福島第一原発に伴う除染廃棄物を保管する中間貯蔵施設について、日本環境安全事業(JESCO)株式会社法を改正するということを多く耳にする。環境省に確認したところ、JESCOも候補のひとつではあるようだが、決定したわけではなく検討中というのが現状のようだ。

 民主党政権下の24年7月13日の野田内閣による閣議決定に基づき、福島に中間貯蔵施設を建設し2,800万立米以上ともいわれている除染廃棄物を搬入、30年後までに福島県外で最終処分することを県と国とで約束し、地域振興策としての交付金措置も含めて法律にするらしい。地元の建設同意を前提に、今国会中にも改正案を提出する方針のようだ。

 この約束って本当に守れるのだろうか。

 除染計画に基づく除染土壌等の推計発生量は、8,000Bq/kg以下が約1,006万立米、8,000Bq/kg~10万Bq/kgが1,035万立米、10万Bq/kg以上が1万立米、焼却灰その他で157万立米と、現時点で推計不可能なものもプラスして2,800万立米を前提としている。これって東京ドーム数十杯分にもなるとんでもない量だ。私の地元の千葉県でも放射性指定廃棄物等の最終処分地を選定する作業が関係者の大変な苦労の中進められているが、この量が5,000立米ちょっとであることと比較しても2,800万立米という数字がいかに大変な数字であるかが分かる。

 環境省に尋ねると「減容化するから量は減ります」と必ず言うのだが、この減容化という言葉にダマされてはいけない。この減容化というのは土壌中の若干の可燃物とセシウムであって、大部分の土壌についてはセシウムを取り出すために使う添加物によって1.5倍以上と逆に増えてしまうのだ。ただし、この増えてしまう残渣については100Bq/kg以下と、非常に低いクリアランスレベルであると思われる。(残渣がクリアランスレベルであることは非常に重要なファクター。もし、クリアランスレベルにすらならない技術を採用しようものなら、回収物も残渣も両方とも放射性のゴミになってしまう。減容化技術については、残渣がクリアランスレベルであることが絶対条件である。)

 それでも放射性由来の残渣の利用について理解を得るのには相当の努力が必要になるであろう。しかし、この残渣の利用方法を私たちは真剣に考えなくてはならないと思う。少なくとも、「30年後」と約束するのであれば、国や自治体に公共工事で当該残渣の利用を義務付けることは最低限必要だ。
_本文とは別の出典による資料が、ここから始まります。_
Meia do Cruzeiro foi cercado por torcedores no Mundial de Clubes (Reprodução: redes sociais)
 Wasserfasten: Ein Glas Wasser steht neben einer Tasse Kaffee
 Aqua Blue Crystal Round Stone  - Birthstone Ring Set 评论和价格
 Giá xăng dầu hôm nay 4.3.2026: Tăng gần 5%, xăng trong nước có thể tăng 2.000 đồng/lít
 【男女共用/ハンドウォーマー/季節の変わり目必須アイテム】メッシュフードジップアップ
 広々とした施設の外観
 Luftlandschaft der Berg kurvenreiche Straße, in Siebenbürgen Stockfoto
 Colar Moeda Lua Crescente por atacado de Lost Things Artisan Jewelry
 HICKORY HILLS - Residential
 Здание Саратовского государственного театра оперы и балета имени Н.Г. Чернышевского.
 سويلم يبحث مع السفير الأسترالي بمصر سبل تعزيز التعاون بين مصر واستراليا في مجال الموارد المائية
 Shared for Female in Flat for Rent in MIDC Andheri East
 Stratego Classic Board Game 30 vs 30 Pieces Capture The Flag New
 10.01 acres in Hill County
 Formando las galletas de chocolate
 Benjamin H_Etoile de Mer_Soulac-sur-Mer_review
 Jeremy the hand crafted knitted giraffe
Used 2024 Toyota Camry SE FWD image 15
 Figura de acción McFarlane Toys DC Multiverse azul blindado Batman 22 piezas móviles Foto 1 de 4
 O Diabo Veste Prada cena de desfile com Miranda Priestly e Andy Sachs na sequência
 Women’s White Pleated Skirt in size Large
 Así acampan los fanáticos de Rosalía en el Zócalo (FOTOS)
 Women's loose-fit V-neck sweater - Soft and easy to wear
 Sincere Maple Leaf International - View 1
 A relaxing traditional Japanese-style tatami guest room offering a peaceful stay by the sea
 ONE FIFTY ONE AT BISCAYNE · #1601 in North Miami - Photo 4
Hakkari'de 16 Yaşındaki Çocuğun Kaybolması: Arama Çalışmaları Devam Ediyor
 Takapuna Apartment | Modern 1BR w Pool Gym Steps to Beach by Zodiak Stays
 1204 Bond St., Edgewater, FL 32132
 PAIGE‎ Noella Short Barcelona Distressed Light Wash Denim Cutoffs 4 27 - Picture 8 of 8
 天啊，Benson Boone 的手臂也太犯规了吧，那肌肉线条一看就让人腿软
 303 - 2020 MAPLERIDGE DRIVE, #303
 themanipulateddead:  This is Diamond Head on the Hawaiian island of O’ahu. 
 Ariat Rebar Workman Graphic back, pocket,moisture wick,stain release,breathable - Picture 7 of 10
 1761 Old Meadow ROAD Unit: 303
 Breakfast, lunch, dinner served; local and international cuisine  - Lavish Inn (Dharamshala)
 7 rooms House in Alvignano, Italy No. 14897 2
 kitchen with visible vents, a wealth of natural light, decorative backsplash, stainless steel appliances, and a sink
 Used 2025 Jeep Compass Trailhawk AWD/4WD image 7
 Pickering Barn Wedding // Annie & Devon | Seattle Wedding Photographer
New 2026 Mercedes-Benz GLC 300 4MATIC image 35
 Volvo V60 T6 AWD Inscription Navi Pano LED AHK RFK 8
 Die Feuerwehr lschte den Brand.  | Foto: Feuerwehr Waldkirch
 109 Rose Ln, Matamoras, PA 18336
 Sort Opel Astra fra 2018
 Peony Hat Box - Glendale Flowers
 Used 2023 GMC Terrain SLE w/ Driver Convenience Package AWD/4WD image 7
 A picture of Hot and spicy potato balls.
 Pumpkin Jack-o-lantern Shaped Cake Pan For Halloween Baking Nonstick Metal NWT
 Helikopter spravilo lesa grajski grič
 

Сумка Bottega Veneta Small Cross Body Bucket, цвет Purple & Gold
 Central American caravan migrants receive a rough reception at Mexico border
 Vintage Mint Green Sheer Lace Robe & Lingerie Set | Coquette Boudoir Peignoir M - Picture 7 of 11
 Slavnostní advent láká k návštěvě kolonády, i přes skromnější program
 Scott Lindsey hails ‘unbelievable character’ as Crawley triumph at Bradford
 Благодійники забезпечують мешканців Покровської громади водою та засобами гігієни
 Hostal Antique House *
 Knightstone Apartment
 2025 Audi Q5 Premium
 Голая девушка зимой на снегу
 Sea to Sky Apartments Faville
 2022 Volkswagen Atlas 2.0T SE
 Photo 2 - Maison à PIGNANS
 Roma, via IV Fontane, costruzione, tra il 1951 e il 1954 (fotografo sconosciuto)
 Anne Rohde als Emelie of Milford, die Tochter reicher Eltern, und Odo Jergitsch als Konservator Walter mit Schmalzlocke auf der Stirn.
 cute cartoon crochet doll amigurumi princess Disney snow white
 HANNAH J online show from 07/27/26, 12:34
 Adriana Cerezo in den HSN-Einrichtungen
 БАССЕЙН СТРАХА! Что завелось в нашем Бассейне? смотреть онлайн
 福島の復興のためには中間貯蔵施設は必須、減容化技術も必須であることは間違いなく強く推進していきたい。しかし、「30年後に県外で最終処分」などと見通しもないのに安易に約束することが本当に良いのか非常に悩ましい。地域振興策として交付金を出すことを含め、「第二の核燃料サイクル」になりやしないか今から心配だ。

 どうやったら、この心配が杞憂で終わるかを真剣に考えていきたい。